Required work :: Please reproduce exactly, and only, the lines from the one with "kitchen featuring pendant" through the last line of the listing below, both ends included, leaving out the pictures.

Information supplied ::
──────

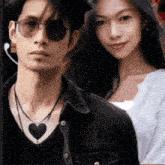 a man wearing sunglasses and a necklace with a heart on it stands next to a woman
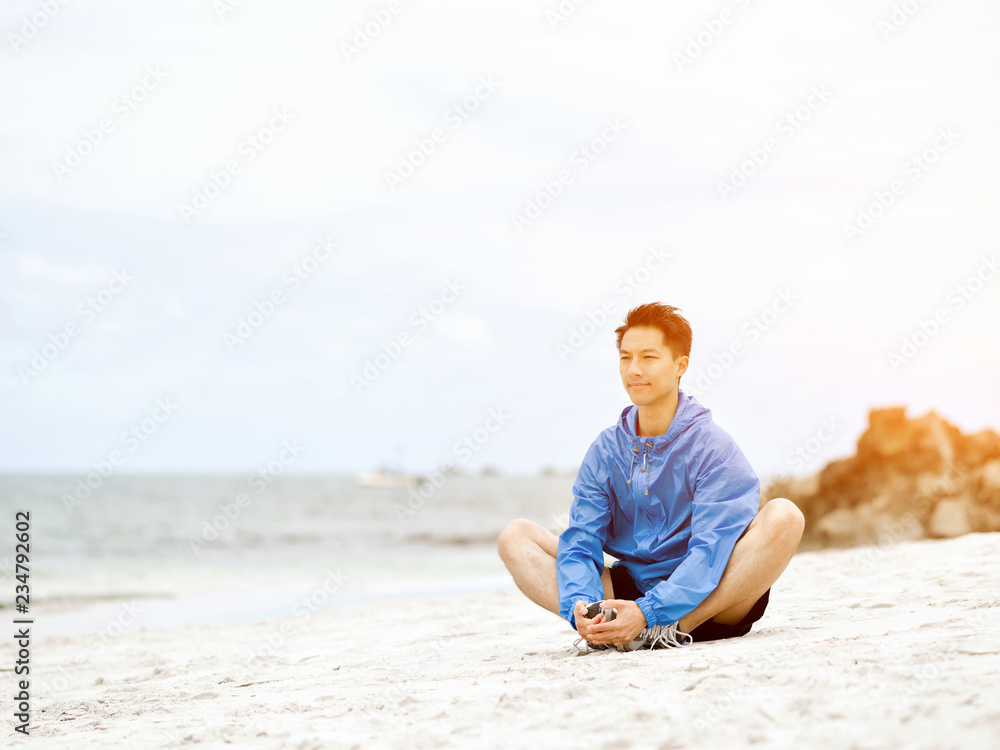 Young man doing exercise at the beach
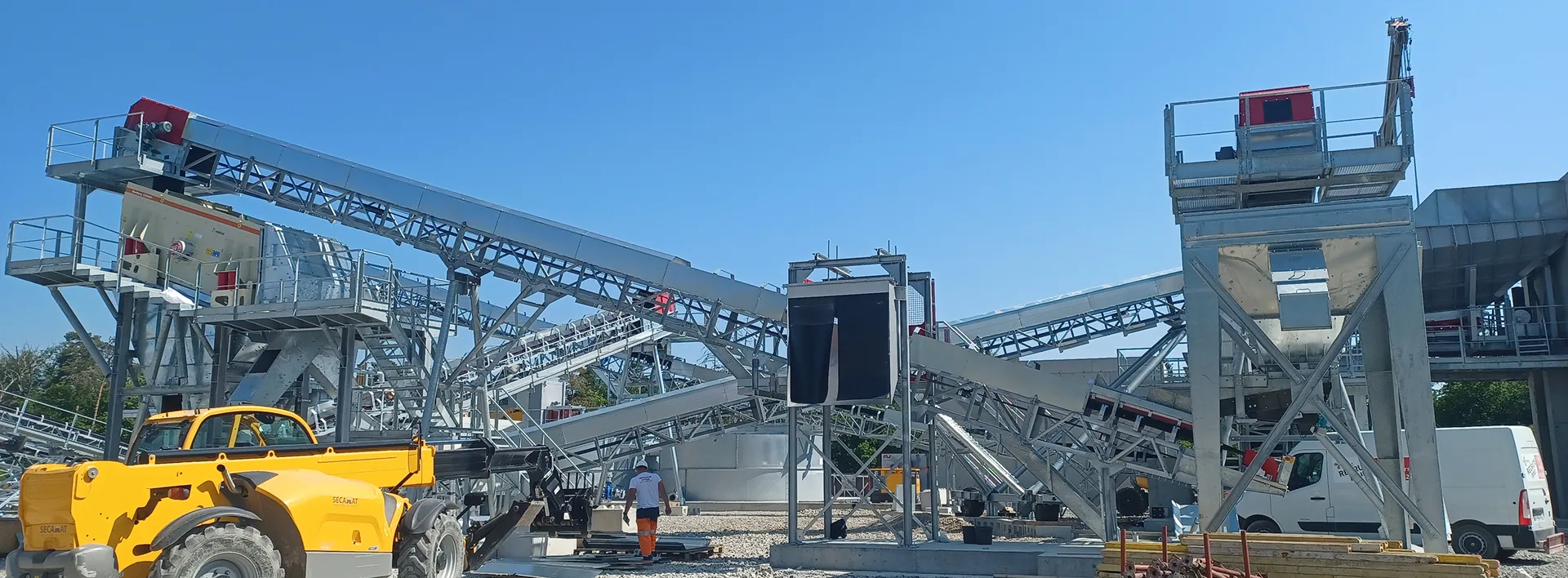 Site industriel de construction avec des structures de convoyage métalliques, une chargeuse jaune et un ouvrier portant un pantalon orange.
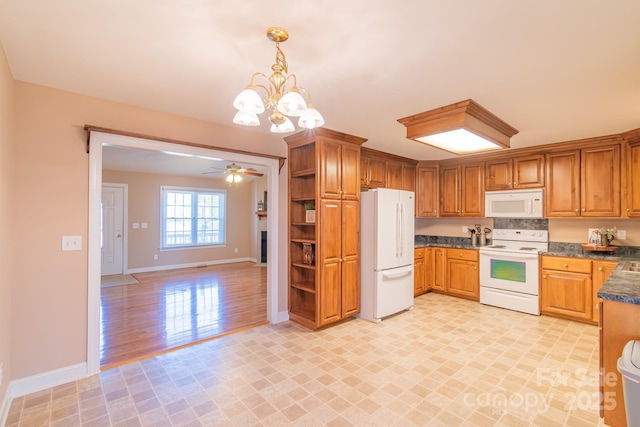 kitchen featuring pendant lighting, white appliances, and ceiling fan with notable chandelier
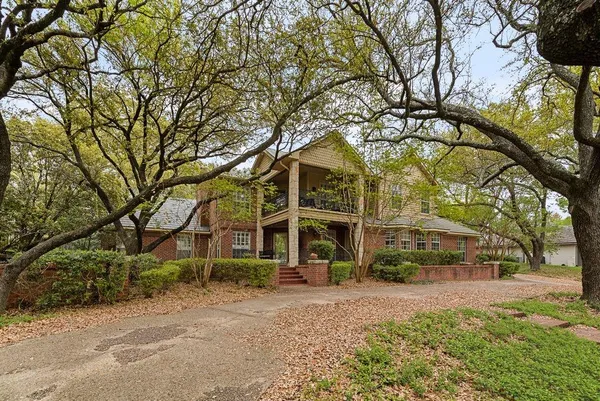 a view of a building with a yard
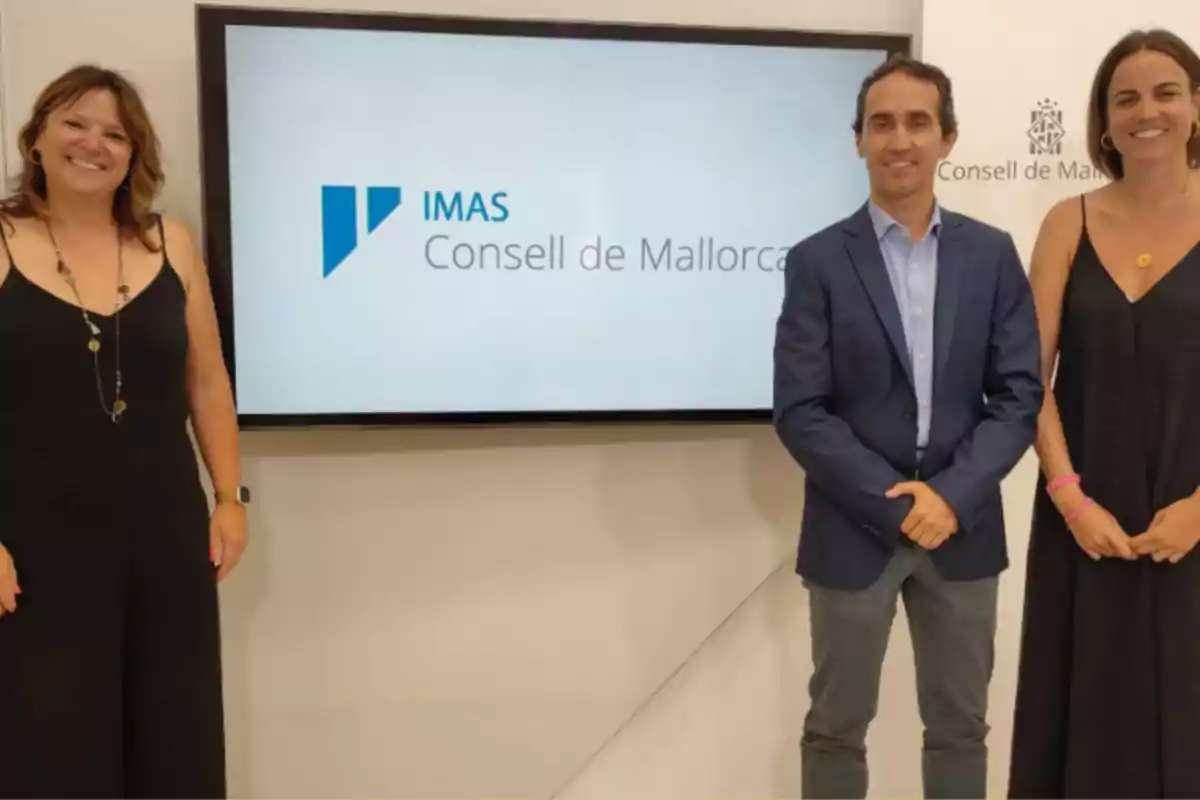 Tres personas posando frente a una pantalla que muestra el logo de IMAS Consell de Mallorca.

──────

Exercise result ::
 kitchen featuring pendant lighting, white appliances, and ceiling fan with notable chandelier
 a view of a building with a yard
 Tres personas posando frente a una pantalla que muestra el logo de IMAS Consell de Mallorca.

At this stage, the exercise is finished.